• _DATA BELOW_:
Start of Block

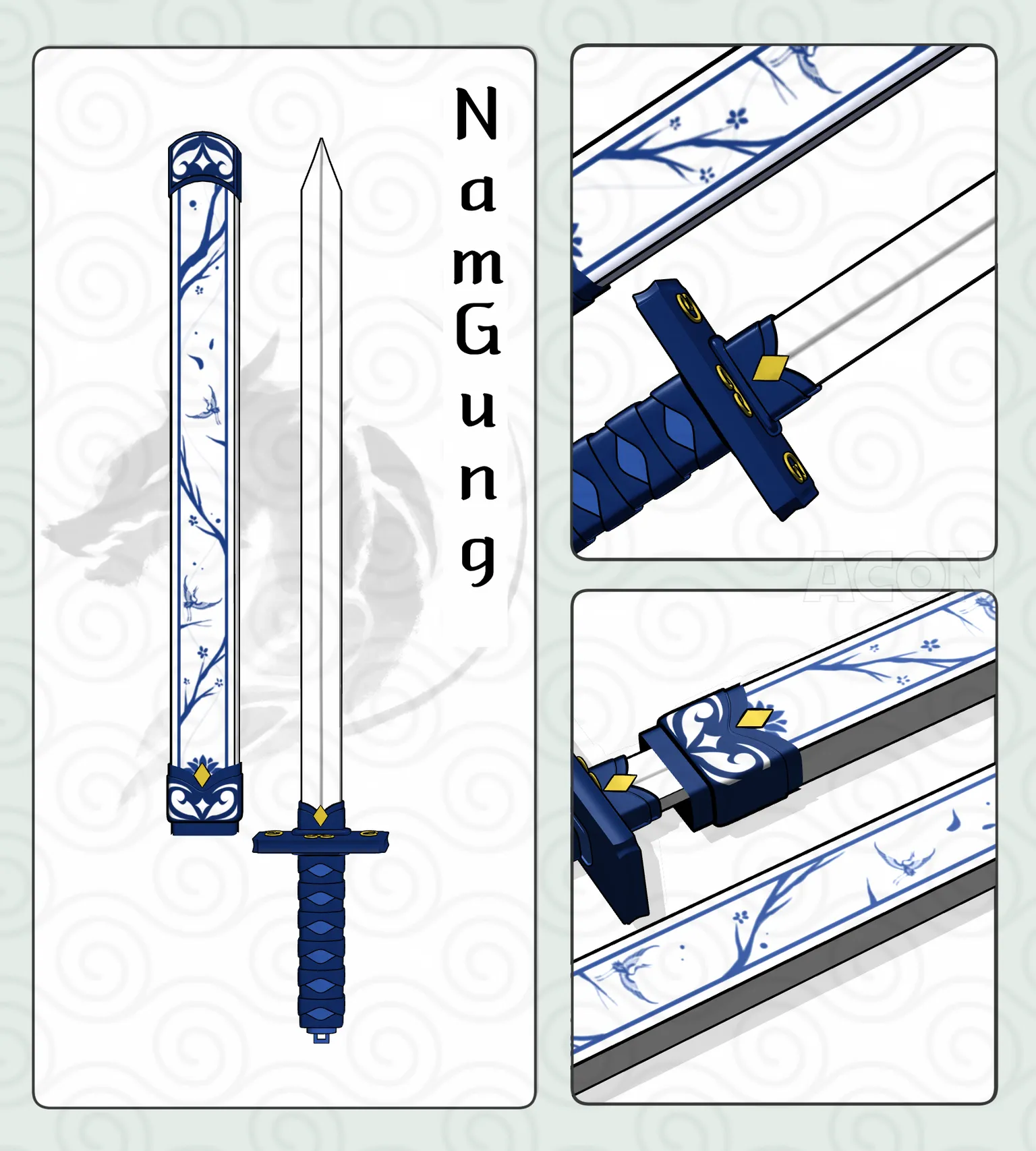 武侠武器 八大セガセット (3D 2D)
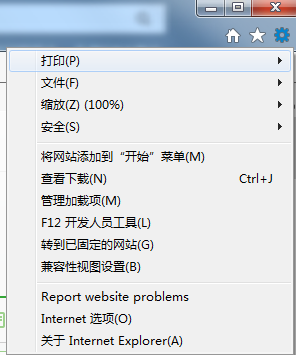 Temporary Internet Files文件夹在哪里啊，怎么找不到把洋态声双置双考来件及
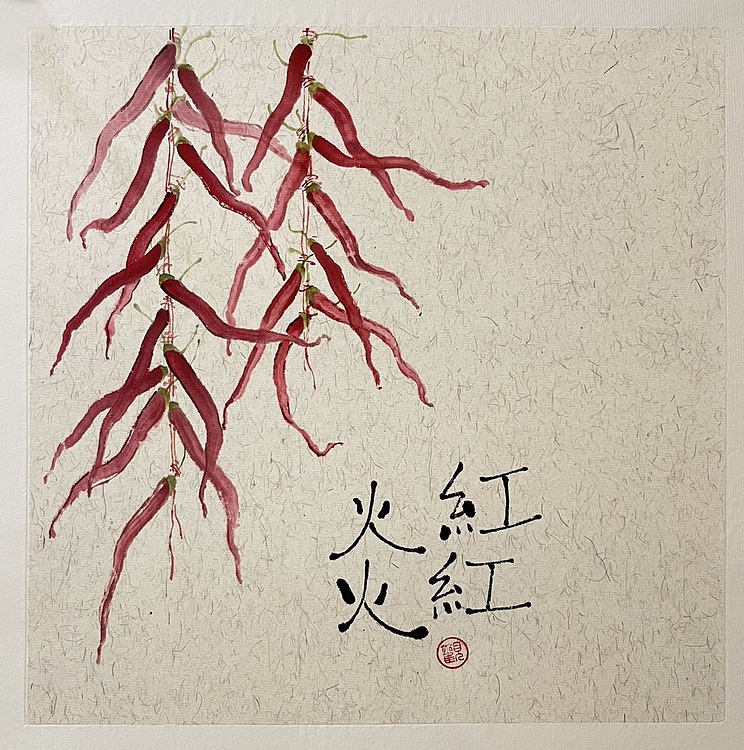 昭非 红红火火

End of Block

• _TASK GOAL_: Repeat only the lines from the one with "Temporary Inte" through the end of the data, both included and exactly as written. Pictures stay out of the copy.

• _RESPONSE TO THE EXERCISE_:
 Temporary Internet Files文件夹在哪里啊，怎么找不到把洋态声双置双考来件及
 昭非 红红火火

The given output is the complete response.